Red Alert: The SABC: When the people's trust relationship is breaking like an unreliable signal
Last week, South Africa's governing alliance partners, the ANC, SACP and the COSATU, expressed reservations on the appointment of Mr Hlaudi Motsoeneng to the position of the public broadcaster the SABC's Chief Operations Officer. On Friday 11 July, the SACP youth-wing, Young Communist League of South Africa (YCLSA) came out in support of the main alliance partners. There are serious repercussions when contradictions occur between a deployed cadre and the governing Alliance.
Forcing the governing Alliance to oppose the decisions taken and to question the processes followed is totally unacceptable. Although it is necessary to allow deployed cadres to take decisions without being micromanaged, there are strategic positions for which appointments should never be made without consultation first, particularly in relation to the processes followed. The position of SABC Chief Operations Officer is obviously in this category. This the ANC's perspective as communicated by Spokesperson Comrade Zizi Kodwa.
Head of ANC communications sub-committee Comrade Lindiwe Zulu captures this well, concurring in an interview with the Mail & Guardian (11 July 2014). Confirming that the communications Minister Faith Muthambi did not attend the sub-committee's meeting convened to discuss among other issues ANC policies and the direction the department needed to follow, Zulu correctly says Ministers are expected to engage with ANC sub-committees and implement its policies and decisions.
In addition, there are established legal and corporate governance frameworks that the board the public broadcaster's board and the Communications Minster must follow. As the political head of the Communications department on the basis of ANC electoral mandate, the Minister must follow the governing party's framework in executing such strategic functions. Moreover, we also have a Cabinet which must be factored in.
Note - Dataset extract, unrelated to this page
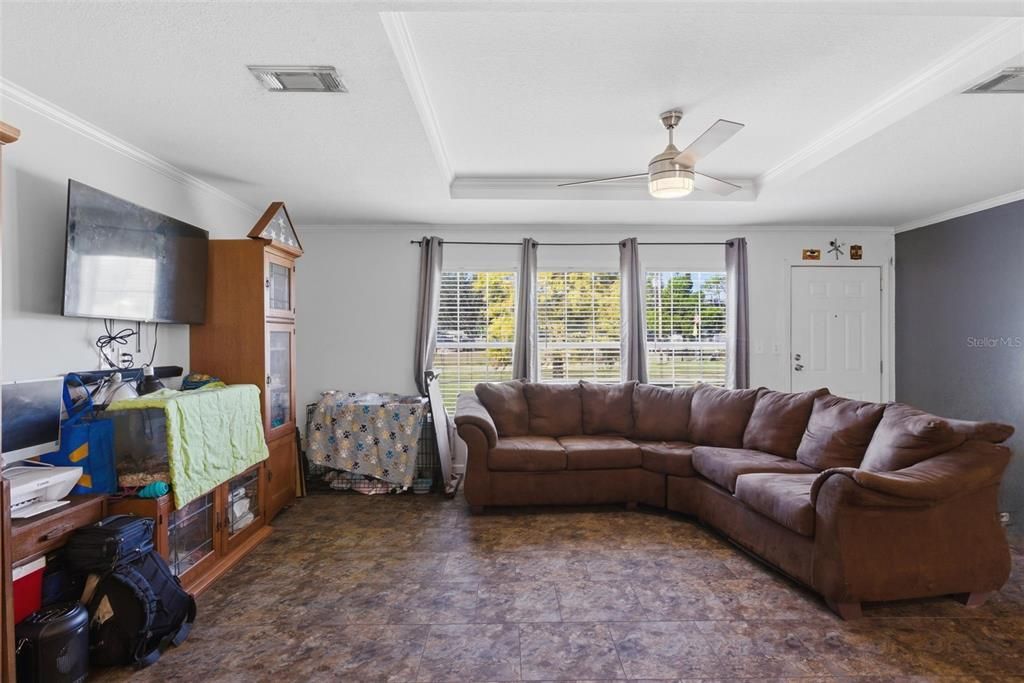 For Sale: $489,999 (4 beds, 2 baths, 2080 Square Feet)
The ANC has a policy framework of meritocratic recruitment of personnel in the state and public entities. At the level of political leadership in the state, this includes alignment with the historic mission of the national democratic revolution and the vision of the Freedom Charter. This is critical in taking forward our second radical phase of transition: the immediate task facing the revolution.
The ANC Secretary-General is quoted by the Mail & Guardian (11 July 2014) as saying "For every appointment the most qualified person should be considered". The Employment Equity Act clarifies what this means. According to the legislation, a suitably qualified candidate possesses any or a combination of the following: relevant professional qualifications, experience, recognised prior learning and potential to perform the job in hand within a reasonable period.
This employment law categorically states that all these factors must be reviewed when a decision is made, and that excluding a person from appointment solely on the grounds of lack of relevant experience constitutes unfair discrimination.
But what process does an organisation such as the SABC follow to select suitably qualified candidates?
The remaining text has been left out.